Less easy to dismiss are those who insist the movement has outlived its usefulness. “Today is day 241,” Ezekwesili counters, speaking slowly in an attempt to contain her obvious anger, “and the girls are still not back. If some people want to move on, it’s their right.

“But they should remember we moved on when 69 secondary school boys were killed, and nothing changed,” she continues, her voice rising despite herself. “Now here we are, with many more children killed. Do our children now have to choose between getting an education and dying? Some of us cannot move on and accept that kind of society.”

Even after a year of relentless attacks on students – 67 teenage boys were burnt alive in their dorms last year, marking the start of a wave of attacks that has since seen hundreds of pupils killed – Chibok stood out for the sheer scale and cruelty. Isis jihadis in Syria later referenced the Chibok girls when they captured and sold hundreds of Yazidi women to their fighters.

This month, an estimated 200 women and children were kidnapped in Gumsuri, a village 30 miles from Chibok. The incident has largely sunk from view amid a growing catalogue of such horrors.

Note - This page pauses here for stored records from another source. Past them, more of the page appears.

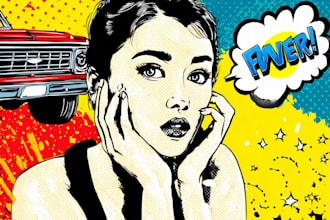 draw pop art or roy lichtenstein style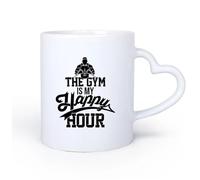 AYUEHBN Ceramic Heart-Shaped handleNovelty Ceramic Cup Lifestyle Gymnastics Fitnesscenter Man Sports Phrase Words 11oz/320ml Restaurant, Office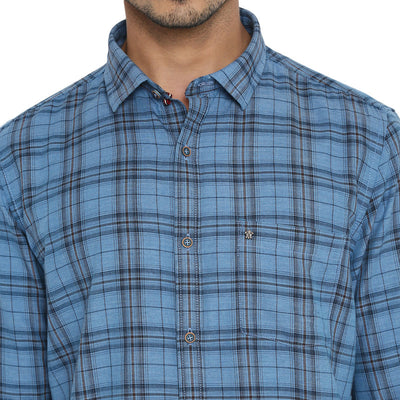 Cotton Melange Light Blue Checkered Slim Fit Casual Shirt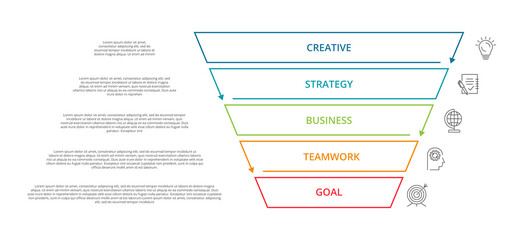 Business data visualization. Process chart. Elements of graph, diagram with 5 steps, options, parts or processes.
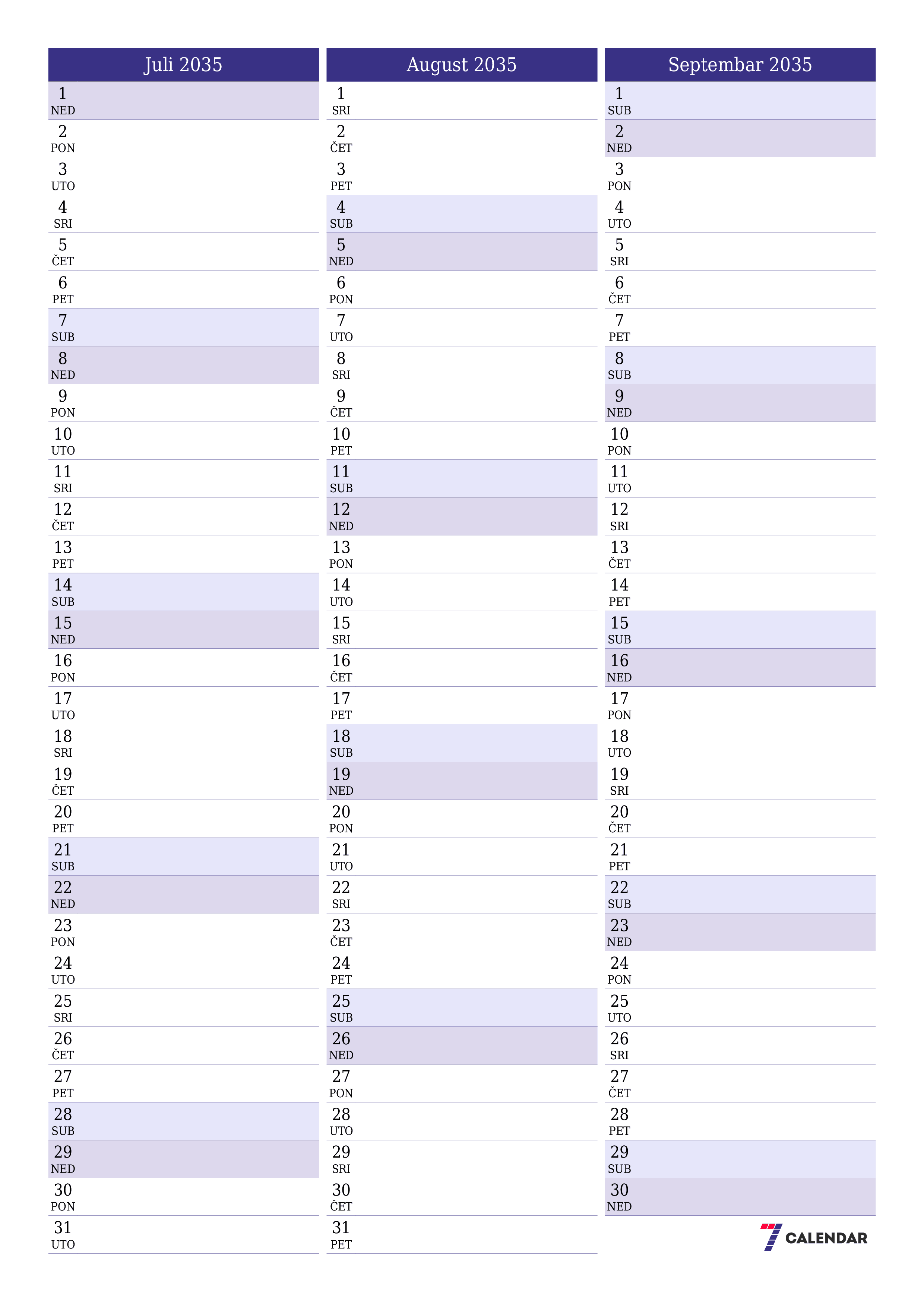  za štampanje zidni šablon a besplatni vertikalno Mjesečno planer kalendar Juli (Jul) 2035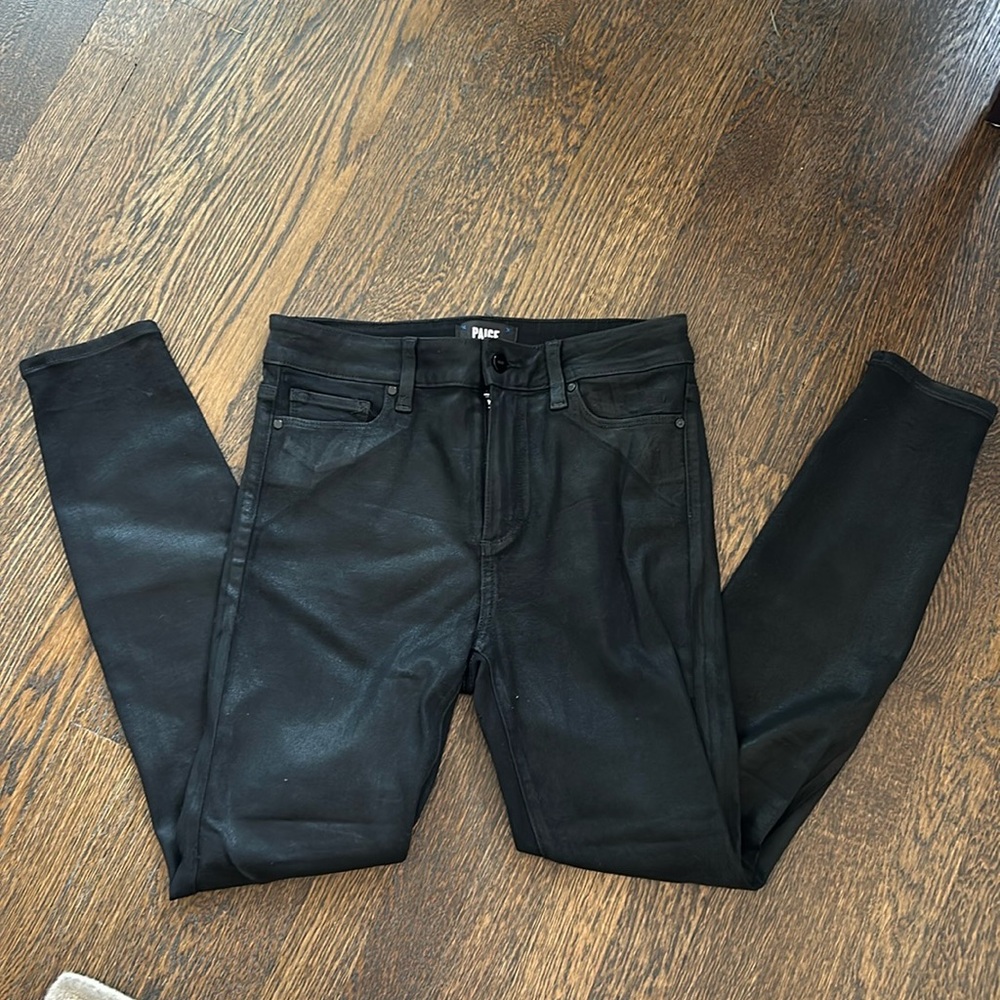 Paige black coated jeans size 28. Never worn
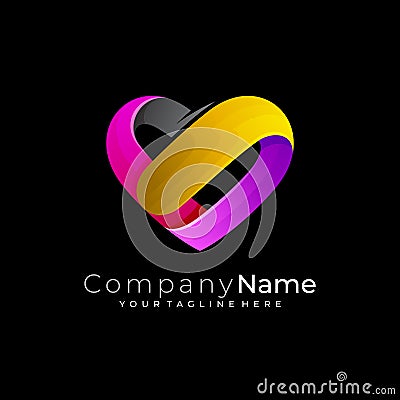 Simple love care logo template, medical logos Vector Illustration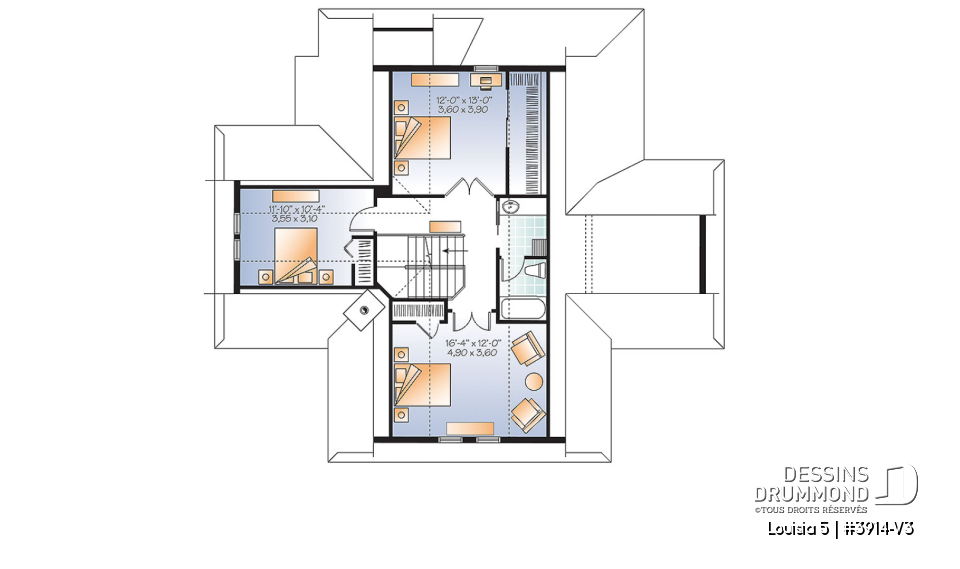 Étage - Plan de chalet champêtre 4 chambres, bord de l'eau, abri moustiquaire, foyer, grande terrasse, buanderie - Louisia 5
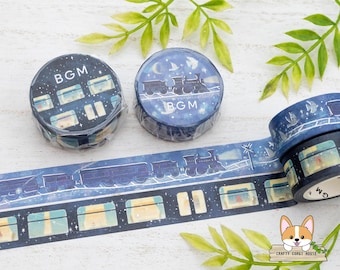 1 roll | 15mm | BGM | Nightscape Holographic Foil Washi Tape | Galaxy Train - Starry Sleeper Train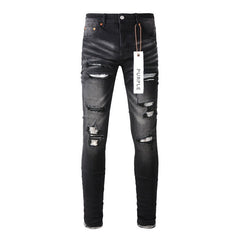 Purple Jeans Fashion Men Black Jeans Distressed Hole Unique Personality 9001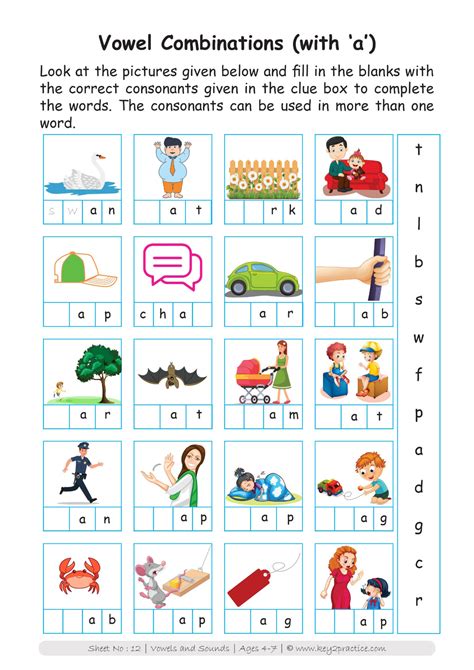 Vowels and Consonants Worksheets I Pre-primary classes - key2practice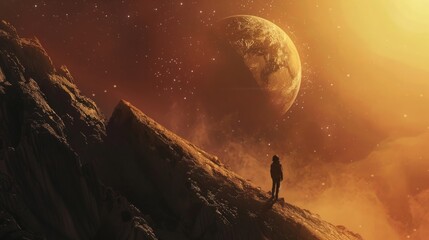Wall Mural - astronaut contemplating space generative ai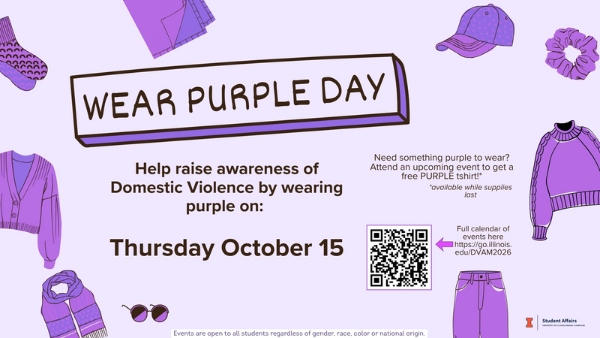 WEAR PURPLE DAY: Help raise awareness of Domestic Violence by wearing purple on: Thursday October 15. Need something purple to wear? Attend an upcoming event to get a free PURPLE tshirt!* *available while supplies last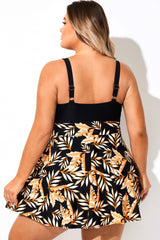 V Neck Black Plant Print Patchwork Swimdress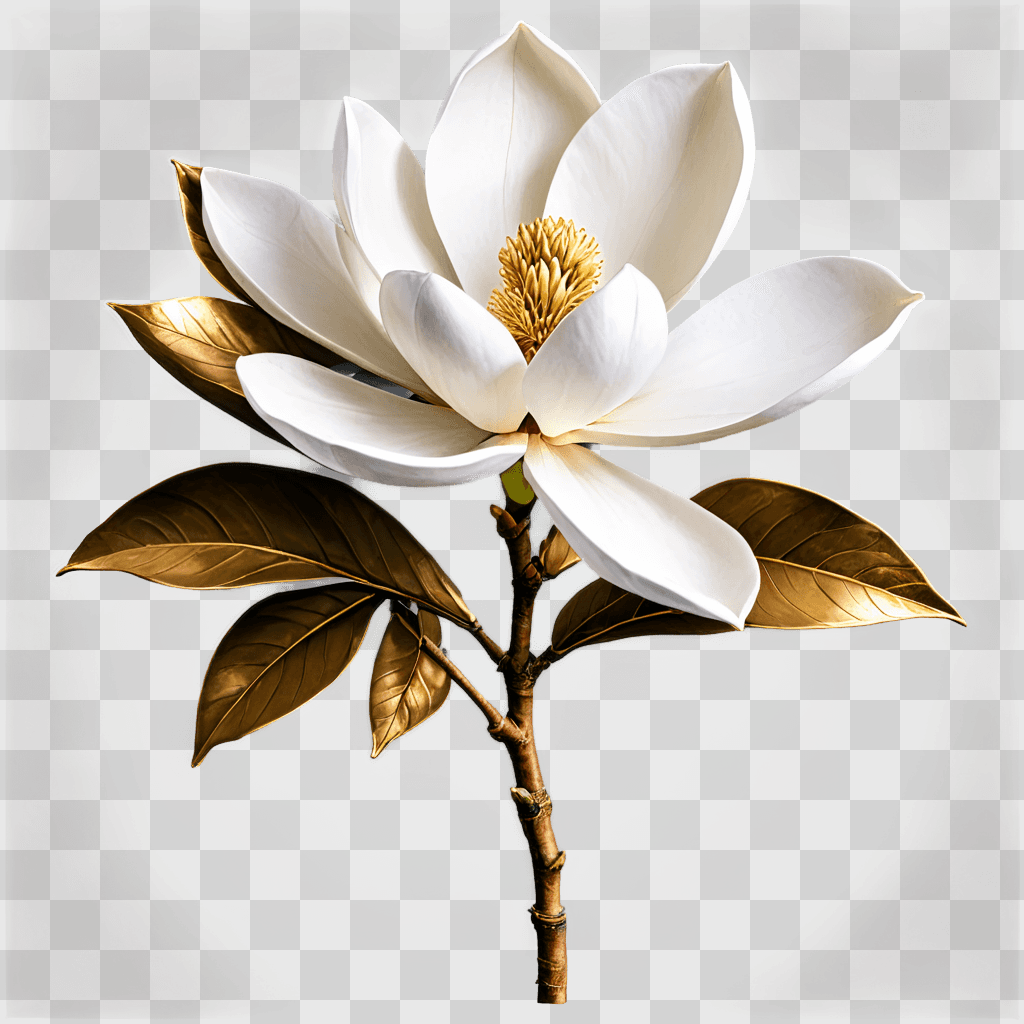 magnolia flower drawing A white flower with gold leaves against a blurred background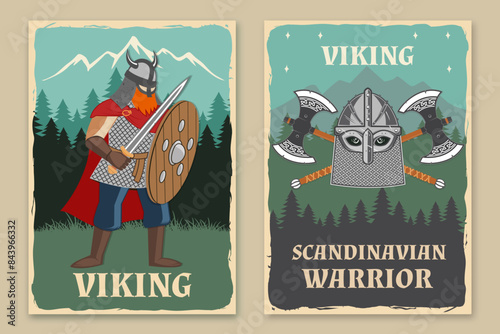 Set of viking warrior retro posters. Vector illustration. Flyer, brochure, banner template design with a viking in helmet with crossed battle axe and round shield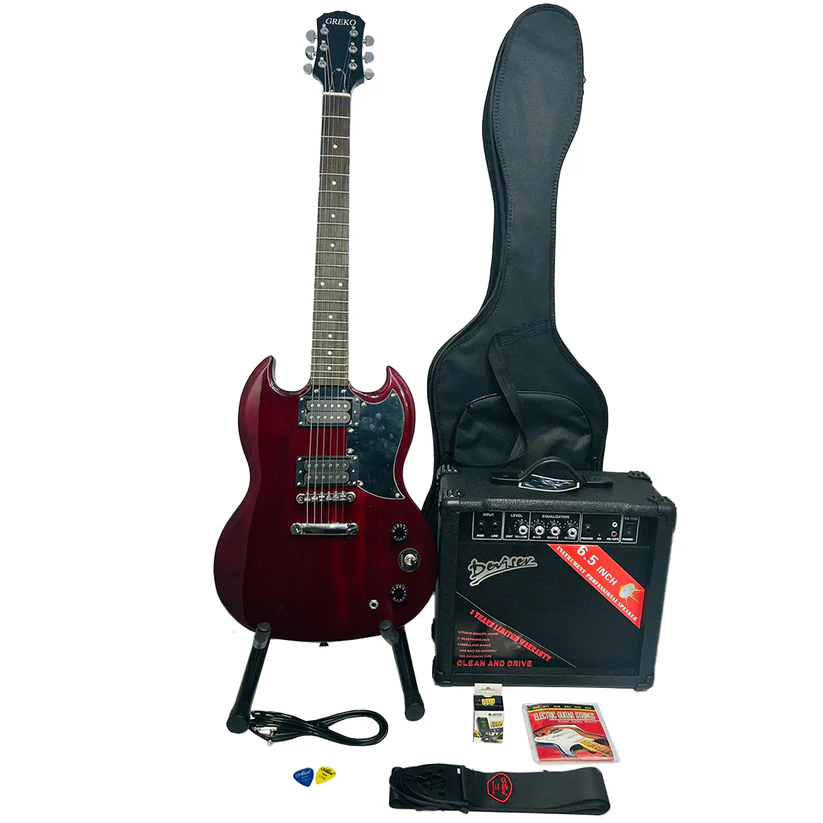 Kit Guitarra Eléctrica Greko Kg005cr Amplificador + Estuche
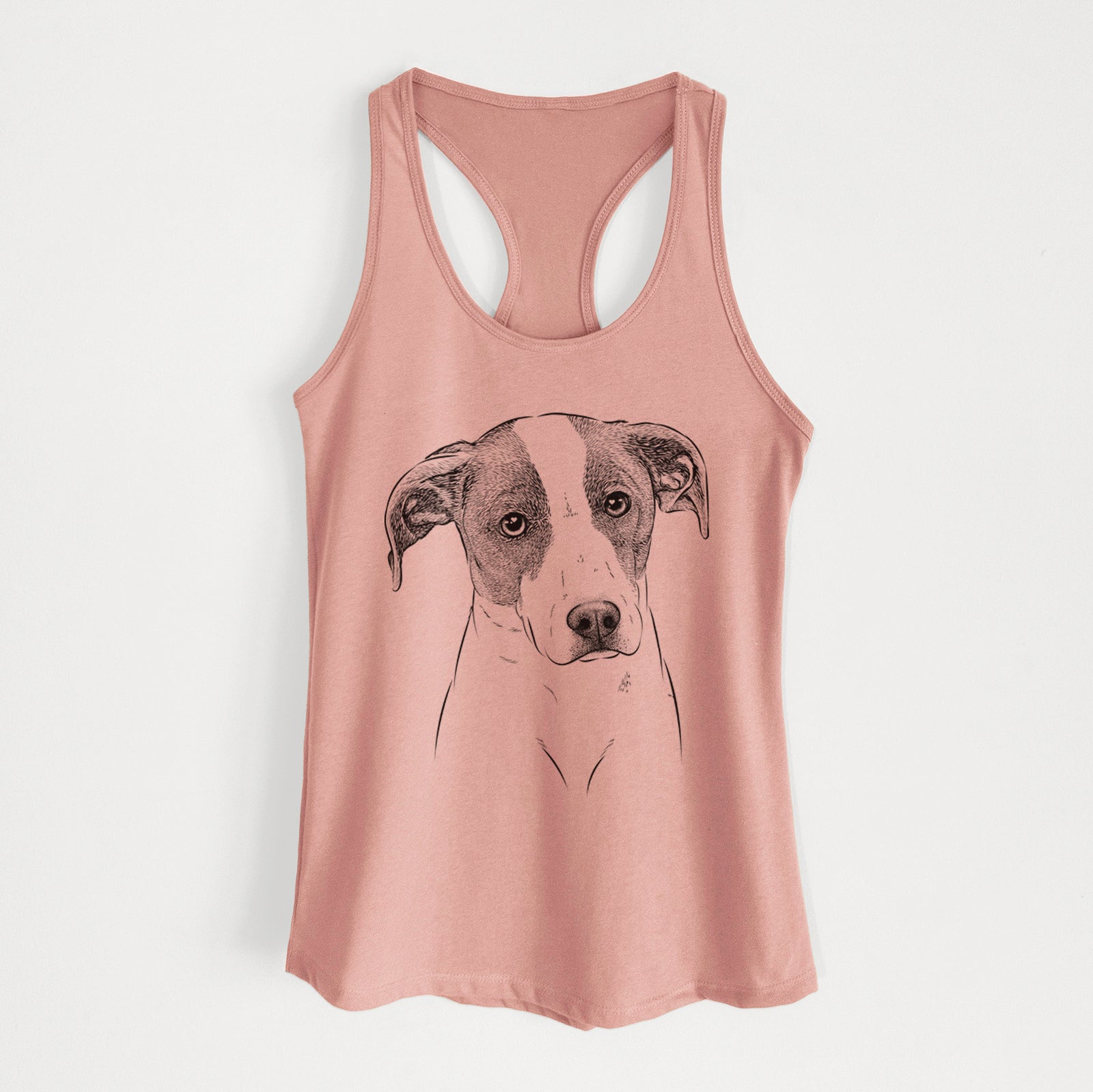 Hand-drawn sketch of Zephyr the Pointer Mix on a Desert Pink Women's racerback tanktop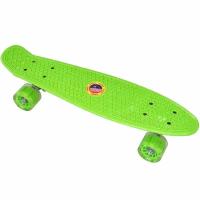 Скейтборд пластиковый 56x15cm со свет. колесами (зеленый) (SK503)
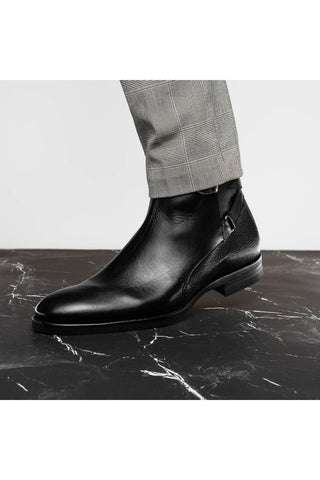 Jodphur Leather Boot - Black-Dellamoda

Does Ezekwesili feel the pressure group has made progress? “Even if not many people are coming out to the streets or still tweeting, as long as one person is still holding out a candle for the kidnapped, we haven’t failed. That one voice can grow into millions eventually,” she replies.

She falters slightly when asked what the government needs to do next, but no one can doubt her conviction when she describes the ongoing insecurity as an “open, festering sore”.

For the grieving parents, the “Abuja Family” offers an alternative to a government that has failed in its basic duty to protect its citizens. “Maybe because we are poor, we don’t exist to other big men [politicians],” said an exhausted-looking Rebecca Yaga, whose daughter was among the kidnapped, as she attended a six-month commemoration march led by Ezekwesili. “There’s nothing for us to do but keep trying.”

Ezekwesili says she is haunted by a father who told her some parents preferred to accept their daughters were dead than live in a tormented limbo. Previous hostages who have escaped the sect have spoken of rape and mutilation, and some are so traumatised they no longer remember their own names.

Nonetheless, the father told her: “No matter who my daughter is when she comes back, she is my daughter and I want her back home.”